Defining Identification Rules

To effectively identify sensitive data fields in a database, you can create identification rules. Currently, built-in rules and simple regular expressions are supported.

Data security levels, data classifications, and identification rules are DataArts Studio instance-level configurations and can be exchanged between workspaces. In this way, data can be managed based on unified standards in the Data Map component.

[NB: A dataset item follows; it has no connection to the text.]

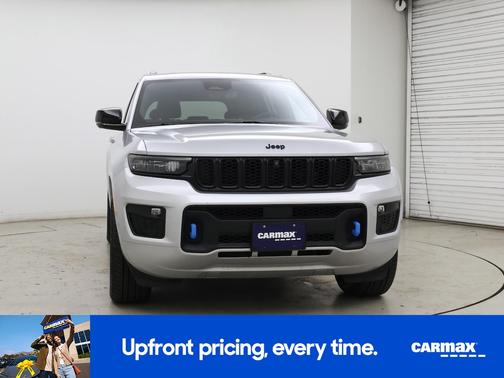 Silver 2024 Jeep Grand Cherokee 4xe Anniversary Edition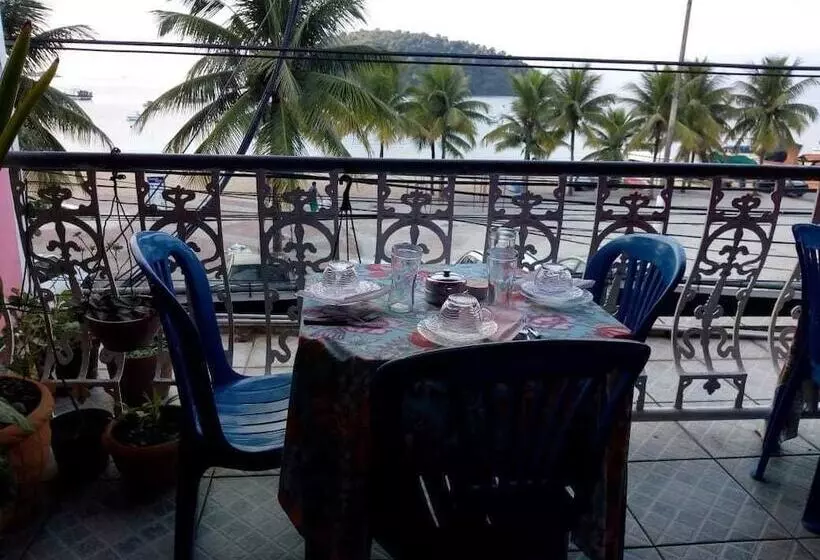 Hotelli Pousada Sobre As Ondas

After an identification rule is created, it remains to be confirmed by default and cannot take effect for a static masking task. To make the identification rule take effect, perform the following operations:

After running a sensitive data discovery task, you must choose Sensitive Data Distribution in the left navigation pane, click the Manual Recovery tab, and ensure that the identification rule of the task is valid, so that the rule can take effect for dynamic masking tasks.

Prerequisites

(Mandatory) A data security level has been created. For details, see Creating Data Security Levels.
(Optional) A data classification has been created. For details, see Creating Data Classifications.

Constraints

Only the DAYU Administrator, Tenant Administrator, or data security administrator can create, modify, or delete data security levels, classifications, and identification rules. Other common users do not have permission to perform these operations.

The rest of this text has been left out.